Refiners in Europe and the US are curtailing production

Mar 16, 2009 01:00 AM

by Lananh Nguyen

As demand for oil products slows, some refineries are likely to become a burden that will be hard to shake off. Refining margins -- the difference between the price refiners pay for crude oil and the price they get for their products, such as gasoline -- remain depressed because of weak demand from recession-hit economies and new refinery capacity coming online in Asia.
Mike Wittner, head of global oil research at Societe Generale in London, estimates the European 5-2-2-1 crack spread, a proxy for refining margins, will fall to an average of $ 3.46 a barrel this year from $ 6.53 last year. As a result, refiners in Europe and the US are curtailing production to reduce operating costs and stem losses. Those who want to rid themselves of refining plants altogether are finding themselves in a difficult position. Environmental cleanup costs in some cases can make it less expensive to run a refinery at a loss than to shut it down.

Refineries that are up for sale are expected tobe a tough pitch. ENI's 84,000-bpd Livorno refinery in northern Italy and Petroplus Holdings' 117,000-bpd Teesside plant in northern England were put up for sale in February. Teesside refinery's gross margin fell 95 % in the fourth quarter to an unaudited 60 cents for every barrel of crude oil it processed, compared with $ 11.98 in the previous quarter, Petroplus said.
Refinery valuations have dropped about 40 % since 2007, said Ennio Senese, an executive partner at Accenture in Rome, largely because of the economic downturn. The Teesside refinery is valued at EUR 70 mm to EUR 100 mm, or $ 90 mm to $ 130 mm, he said. The Livorno plant is valued at between EUR 120 mm and EUR 140 mm, he said.

ENI hopes to find a buyer or partner for Livorno in the next few months, an ENI spokesman said, adding that a number of parties had indicated possible interest.
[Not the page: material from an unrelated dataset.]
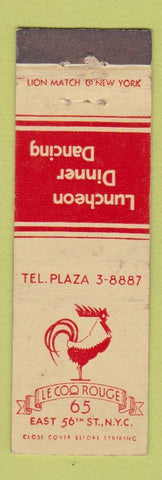 Matchbook Cover - Le Coq Rouge New York City WEAR MIDGET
Petroplus said in February that it hoped to sell the refinery within six months.
"If they sell low... that would probably release them from huge daily losses," Mr Senese said. Simply closing the refineries may itself be too costly for some refiners.

"The environmental cleanup bill can be horrendous... the costs of closure won't be palatable," said Richard Griffith, director of oil and gas at Evolution Securities in London.
"Somebody needs to pay the bill eventually, and if a refinery is shut down, the last one to hold the key is the one who is expected to pay," Mr Senese said.

There is a third option: Turn the refineries into storage sites. Petroplus has said it would consider transforming facilities into storage terminals. The storage business has become more lucrative as oil producers and trading companies hedge their exposure to future oil prices. Conversion to storage also could help owners eke out some returns from their assets.
"It's not as expensive to shut down when you transform it into a storage area," said Olivier Abadie, Paris-based director of downstream oil for Europe at Cambridge Energy Research Associates.

Difficult times for refiners in the next six years could accelerate some restructuring already taking place, Mr Abadie said, and signs are emerging that more refiners will need to adjust their operations to accommodate their low margins.
French oil major Total said recently it plans to cut 249 jobs at its French refineries by 2013, and a further 306 jobs at its petrochemical operations by 2012. If implemented, Total's restructuring plan would reduce the capacity of its Normandy refinery to 12 mm tpy from 16 mm tons, shifting the plant's yield toward diesel and reducing surplus gasoline production.